Merhabalar, belki bilen vardır, Ankara/Keçiören'de Kuyuyazi caddesi ile Bağcı caddesinin arasında uzunlamasına bir yürüyüş parkı var ve yaklaşık 40 kedi yaşıyor bu parkta. Hiçbirinin sahibi yok ama besleyen bir teyze var. Hepsine her sabah ve akşam kuru mama veriyor, haftada 1 defa da yaş mama veriyor. Bu kedilerin yarısına yakını cins kedi. Ben Aralık'ta askere gideceğim için ve kendi yavruma maalesef annem el koyduğu için yetişkin bir kedi istiyordum bakımı zor olmayan. Hatta bu parkta bulunan 3 yaşında, tosun gibi bir erkek olan British vardı ismi Duman'dı. Onu almak istiyordum ama ben askerdeyken biri sahiplenmiş onu. Çok cana yakındı, hiç ısırmaz, tirmalamazdi. Şimdi de fotoğrafını koyduğum kediye göz koydum. Kendisi safkan bir norwegian Forest. Hatta 3 kardeş bunlar ama hepsi kaçıyor benden. Bu biraz daha cana yakin. Elimden mama falan yiyor ama kendini asla sevdirmiyor, dokundurmuyor. Bu kediyi elime nasıl alistirabilirim? "Yakala kafese koy" demeyin yakalanmiyor. Daha önce denedim, her yerimi çizdi, ellerimi falan ısırdı sonra kaçtı :)
Sizde kendini sevdirmeyi seven "cins" olmayan kedi sahiplenin? Her kedinin huyu farklıdır bu huyu böyleyse saatten sonra kucak kedisi olmaz
Ya sonuçta bu adam gidip parayla hayvan satın almıyor. Gözüne güzel geleni sokaktan almaya çalışmasında da eleştrilecek bir şey yok bence.
Sonuçta ben de 4 yavru içinden gözüme güzel gelen ve kalbimle enerjisi tutan 2 tanesini sahiplendim, bu beyefendide de aynı durum var belli ki. Ben ırkçılık yaptığını sanmıyorum öyle olsa parasını verir bi şekilde cins kedi edinirdi.
Ben mamaya ek olarak zaman zaman oynamanızı tavsiye ediyorum. Oyun, kedilerle insanlar arasında önemli bir bağ. Hem mama hem oyun ile destekleyerek alıştırabilirsiniz ama ben bunun çok uzun süreceği kanısındayım. Bir şekil yakalansa :) en kestirme çözüm o insan açısından ama bu sefer de hepten korkup cephe alır mı bilemedim.

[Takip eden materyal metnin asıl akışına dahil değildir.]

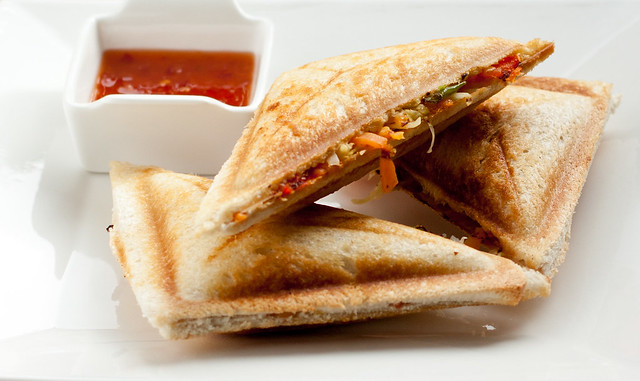 Hara Bhara Toast/ Тост-сэндвич с овощами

Oradan kendini sevdiren bir kedi mutlaka çıkar eğer bu yavrucak olmuyorsa başka evlat sahiplenin sonuçta hepsi can hepsi melek 40 tanenin içinde illa yaş mamaya gelen kendini sevdiren olur :)
Ya evde farkli olur ama. Sokakta daha temkinliler. Bizim sokaktaki kedileri eve aliyorum arada kucagimda yatiyorlar. Ama sokaktayken sadece uzaktam sevebiliyorum. Ki boyle olmalari daha hayirli onlar için. Rahatlayinca saldirgan tavirlar gider bence
peynirli malt macunu alıp deneseniz kediler bayılıyor malt macunu içle kediyi taşıma çantasının içerisine çekebilirsiniz. eve geldiğinde dışarıda olduğu kadar saldırgan olacağını sanmıyorum.

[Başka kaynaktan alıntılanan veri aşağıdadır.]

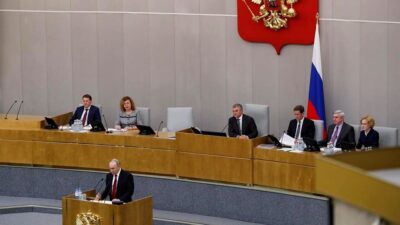 البرلمان الروسي يقر تعليق معاهدة “نيو ستارت” لتخفيض الأسلحة النووية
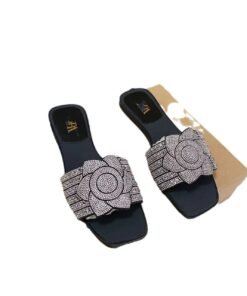 Nouvelle fleur strass sandales plates à la mode vêtements chauds polyvalent une ligne chaussures pour femmes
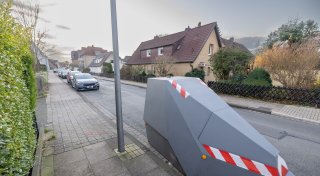 „Pure Habgier“ und Parkplatz-Blockade: Bielefelder kritisiert Anhänger-Blitzer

Yorumların hepsini okumadım biri söyledim bilmiyorum ama istersen mamaları direk vermek yerine karşısına oturup sırayla sana daha yakın olucak şekilde teker teker önüne dizebilirsin en sonda dizine yada kucağına koyabilirsin
Norwegian forestın safkan olduğunu nerden anlarsınız bu sitede uzun tüylü Norveç
Gri kedi dussian blue oluyor anlamadım gitti. Bu cinsler kendi ülkelerinde nadir bulunuyor
Ben ev kedimi bile taşıma kabına koyamiyorum:) tasima kabinin icine yaş mama koymayi deneyin. Acsa ve cok akilli degilse iceri gececektir bence. Tasima kabina yakin oturun uzakta olursaniz hareket ettiginiz gibi cikar. mamayi yemeye basladigi gibi kapatrsiniz kapiyi.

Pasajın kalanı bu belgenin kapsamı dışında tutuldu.